**What you have to do:** Beginning with the opening line, restate the following material exactly, up through the line that contains "Gemütliche 2.5-Zimmer-Wohnung mit".

+++++

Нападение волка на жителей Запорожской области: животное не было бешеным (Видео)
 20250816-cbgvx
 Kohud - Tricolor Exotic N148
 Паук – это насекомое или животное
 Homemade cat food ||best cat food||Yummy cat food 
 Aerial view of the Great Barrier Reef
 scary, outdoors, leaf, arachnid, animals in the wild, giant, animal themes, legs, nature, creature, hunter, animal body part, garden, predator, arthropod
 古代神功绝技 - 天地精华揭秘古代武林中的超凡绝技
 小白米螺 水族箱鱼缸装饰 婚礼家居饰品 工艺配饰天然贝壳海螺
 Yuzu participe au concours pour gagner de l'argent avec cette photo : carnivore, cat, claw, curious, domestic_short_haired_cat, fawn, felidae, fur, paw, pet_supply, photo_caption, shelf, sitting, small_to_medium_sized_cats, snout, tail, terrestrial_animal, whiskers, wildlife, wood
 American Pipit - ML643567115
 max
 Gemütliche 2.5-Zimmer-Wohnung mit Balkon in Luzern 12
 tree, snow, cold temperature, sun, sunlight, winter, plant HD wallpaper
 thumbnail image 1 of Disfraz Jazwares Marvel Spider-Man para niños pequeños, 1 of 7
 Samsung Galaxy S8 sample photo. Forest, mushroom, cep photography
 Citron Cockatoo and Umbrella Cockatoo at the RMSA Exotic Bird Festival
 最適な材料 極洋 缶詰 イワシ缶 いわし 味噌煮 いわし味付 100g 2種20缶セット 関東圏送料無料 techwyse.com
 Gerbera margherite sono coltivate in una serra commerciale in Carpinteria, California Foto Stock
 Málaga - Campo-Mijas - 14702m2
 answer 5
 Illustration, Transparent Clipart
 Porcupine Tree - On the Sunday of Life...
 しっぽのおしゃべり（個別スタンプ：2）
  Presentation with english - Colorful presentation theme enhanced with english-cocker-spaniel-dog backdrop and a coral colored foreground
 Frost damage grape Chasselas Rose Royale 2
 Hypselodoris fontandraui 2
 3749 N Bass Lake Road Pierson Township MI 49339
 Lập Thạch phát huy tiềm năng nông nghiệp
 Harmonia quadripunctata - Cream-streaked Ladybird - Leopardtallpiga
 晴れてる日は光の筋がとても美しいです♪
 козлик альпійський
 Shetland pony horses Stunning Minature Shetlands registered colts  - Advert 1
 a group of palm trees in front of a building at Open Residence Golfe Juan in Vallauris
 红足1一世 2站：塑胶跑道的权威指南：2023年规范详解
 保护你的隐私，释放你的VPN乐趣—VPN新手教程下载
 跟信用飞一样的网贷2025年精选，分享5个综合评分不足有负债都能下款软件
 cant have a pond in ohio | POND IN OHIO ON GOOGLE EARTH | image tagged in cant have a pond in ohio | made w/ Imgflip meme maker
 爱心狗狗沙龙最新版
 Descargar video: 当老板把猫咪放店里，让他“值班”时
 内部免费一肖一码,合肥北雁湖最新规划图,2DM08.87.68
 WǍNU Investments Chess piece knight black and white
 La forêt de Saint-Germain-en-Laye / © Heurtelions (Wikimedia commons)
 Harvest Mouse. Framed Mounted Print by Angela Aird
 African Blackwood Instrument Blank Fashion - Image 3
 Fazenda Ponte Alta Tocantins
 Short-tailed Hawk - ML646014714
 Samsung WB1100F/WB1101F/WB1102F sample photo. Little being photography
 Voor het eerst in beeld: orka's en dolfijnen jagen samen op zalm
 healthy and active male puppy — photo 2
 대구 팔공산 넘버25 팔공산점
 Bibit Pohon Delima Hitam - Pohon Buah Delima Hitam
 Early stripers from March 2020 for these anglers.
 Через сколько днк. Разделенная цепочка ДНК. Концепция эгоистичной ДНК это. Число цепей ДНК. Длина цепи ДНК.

+++++

**Result for this task:**
Нападение волка на жителей Запорожской области: животное не было бешеным (Видео)
 20250816-cbgvx
 Kohud - Tricolor Exotic N148
 Паук – это насекомое или животное
 Homemade cat food ||best cat food||Yummy cat food 
 Aerial view of the Great Barrier Reef
 scary, outdoors, leaf, arachnid, animals in the wild, giant, animal themes, legs, nature, creature, hunter, animal body part, garden, predator, arthropod
 古代神功绝技 - 天地精华揭秘古代武林中的超凡绝技
 小白米螺 水族箱鱼缸装饰 婚礼家居饰品 工艺配饰天然贝壳海螺
 Yuzu participe au concours pour gagner de l'argent avec cette photo : carnivore, cat, claw, curious, domestic_short_haired_cat, fawn, felidae, fur, paw, pet_supply, photo_caption, shelf, sitting, small_to_medium_sized_cats, snout, tail, terrestrial_animal, whiskers, wildlife, wood
 American Pipit - ML643567115
 max
 Gemütliche 2.5-Zimmer-Wohnung mit Balkon in Luzern 12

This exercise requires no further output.